## Exercise description
Lift out, unaltered, the lines of the material below between the line holding "青藏铁路通车20年，青藏高原更加开放现代" and the line holding "1601 Briar Hill", counting both.
- - - -
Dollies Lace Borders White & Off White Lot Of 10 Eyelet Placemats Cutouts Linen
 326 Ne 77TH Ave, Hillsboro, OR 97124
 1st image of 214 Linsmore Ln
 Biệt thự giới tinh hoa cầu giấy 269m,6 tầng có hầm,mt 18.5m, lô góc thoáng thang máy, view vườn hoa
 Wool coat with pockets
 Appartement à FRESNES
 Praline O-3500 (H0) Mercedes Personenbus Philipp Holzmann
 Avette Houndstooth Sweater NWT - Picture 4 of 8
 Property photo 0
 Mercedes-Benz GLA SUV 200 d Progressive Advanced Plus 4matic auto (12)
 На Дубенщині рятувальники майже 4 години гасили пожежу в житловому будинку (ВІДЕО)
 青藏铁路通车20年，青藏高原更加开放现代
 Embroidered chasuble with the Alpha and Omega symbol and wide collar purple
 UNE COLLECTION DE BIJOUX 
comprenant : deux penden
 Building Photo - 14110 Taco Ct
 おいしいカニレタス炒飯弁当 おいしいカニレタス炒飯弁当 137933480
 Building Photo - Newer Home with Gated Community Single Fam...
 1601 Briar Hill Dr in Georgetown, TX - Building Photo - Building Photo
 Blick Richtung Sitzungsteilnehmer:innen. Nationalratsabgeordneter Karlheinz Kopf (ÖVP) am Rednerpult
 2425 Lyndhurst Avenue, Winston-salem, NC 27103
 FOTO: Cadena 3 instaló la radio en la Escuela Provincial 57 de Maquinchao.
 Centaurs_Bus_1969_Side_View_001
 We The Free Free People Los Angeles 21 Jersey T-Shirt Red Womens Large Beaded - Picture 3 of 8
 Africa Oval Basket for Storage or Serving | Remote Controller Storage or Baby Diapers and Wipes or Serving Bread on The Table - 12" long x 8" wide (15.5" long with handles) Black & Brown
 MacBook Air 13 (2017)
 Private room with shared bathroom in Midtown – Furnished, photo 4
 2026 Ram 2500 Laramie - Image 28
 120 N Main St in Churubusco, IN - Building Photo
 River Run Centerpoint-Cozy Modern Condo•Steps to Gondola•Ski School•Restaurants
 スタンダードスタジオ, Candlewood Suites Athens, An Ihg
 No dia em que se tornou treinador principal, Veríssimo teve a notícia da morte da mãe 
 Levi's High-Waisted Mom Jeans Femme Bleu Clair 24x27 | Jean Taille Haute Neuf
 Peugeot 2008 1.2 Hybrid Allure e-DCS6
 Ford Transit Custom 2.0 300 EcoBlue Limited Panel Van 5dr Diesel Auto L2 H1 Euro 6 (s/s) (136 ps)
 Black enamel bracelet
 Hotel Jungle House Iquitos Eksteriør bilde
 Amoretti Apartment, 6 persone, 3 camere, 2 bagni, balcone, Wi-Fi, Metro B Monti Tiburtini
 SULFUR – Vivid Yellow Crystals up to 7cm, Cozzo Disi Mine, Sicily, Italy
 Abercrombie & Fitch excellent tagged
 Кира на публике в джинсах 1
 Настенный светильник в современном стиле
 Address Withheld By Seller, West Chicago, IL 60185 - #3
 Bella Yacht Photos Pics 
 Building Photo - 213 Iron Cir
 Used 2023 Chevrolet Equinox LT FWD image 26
- - - -
## Answer
 青藏铁路通车20年，青藏高原更加开放现代
 Embroidered chasuble with the Alpha and Omega symbol and wide collar purple
 UNE COLLECTION DE BIJOUX 
comprenant : deux penden
 Building Photo - 14110 Taco Ct
 おいしいカニレタス炒飯弁当 おいしいカニレタス炒飯弁当 137933480
 Building Photo - Newer Home with Gated Community Single Fam...
 1601 Briar Hill Dr in Georgetown, TX - Building Photo - Building Photo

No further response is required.